坂東太郎「ミーティングではいないように扱われたり、SNSで私がコメントした時だけ返信がなかったり、小さいことの連続でしたが、1回1回精神的なダメージを受けてました。
そんな時、持ち上がったのがCDリリースの話です。CDをタワーレコードでリリースできると。さらに、事務所にスタジオがあり、無料でレコーディングできるとのことでした」
そこで、言われるがままに事務所に出向いた坂東太郎さんは、衝撃の光景を目にすることになる。
坂東太郎「住所の場所は普通のマンションの1室。チャイムを押すと、山田さんが扉を開けたので、そこでやっと住所が間違ってなかったことに安心したくらいです。
中に入ると、4つほどある部屋にレーベルのバンドマンたちがひしめき合って作業をしていました。そして、バンドマンたちが騒ぐ中、山田さんはリビングっぽい部屋にある家庭用PCを指さしレコーディングをするように指示しました。

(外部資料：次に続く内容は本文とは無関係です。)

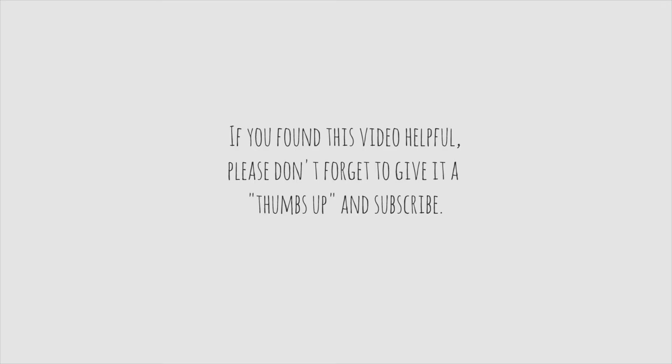So there you have it — July's Ipsy bag. I really enjoyed it. If this video helped you, please give it a thumbs up. If you'd like to see more videos, please subscribe to our channel. Thanks again for coming, guys, and have a great day.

噂のスタジオは、1人入ればいっぱいの狭い押し入れにネットショッピングで買ったような緩衝材を貼っただけのもの。そこにカツカツで歌録り用のマイクだけが立ってました。ただの押し入れなので汗だくで歌を録りましたね」
──事務所とは何だったのか……家でやった方がマシですね。
坂東太郎「はい。とは言え、CDをリリースすることは夢で、他で録ったものを認めてくれそうにもなかったので、当時慣れないDTMでなんとか録り終えました。すると、リリースするために、またお金が必要になったんです。1曲8万円くらいだったかな。もちろん、CDのプレス代などとは別に」
──払ったんですか?
坂東太郎「払いました。ここで諦めたら今まで耐えてきたことが全部無駄になると思ったので。最終的にそのレーベルには40万円くらい貢いでしまったかもしれません。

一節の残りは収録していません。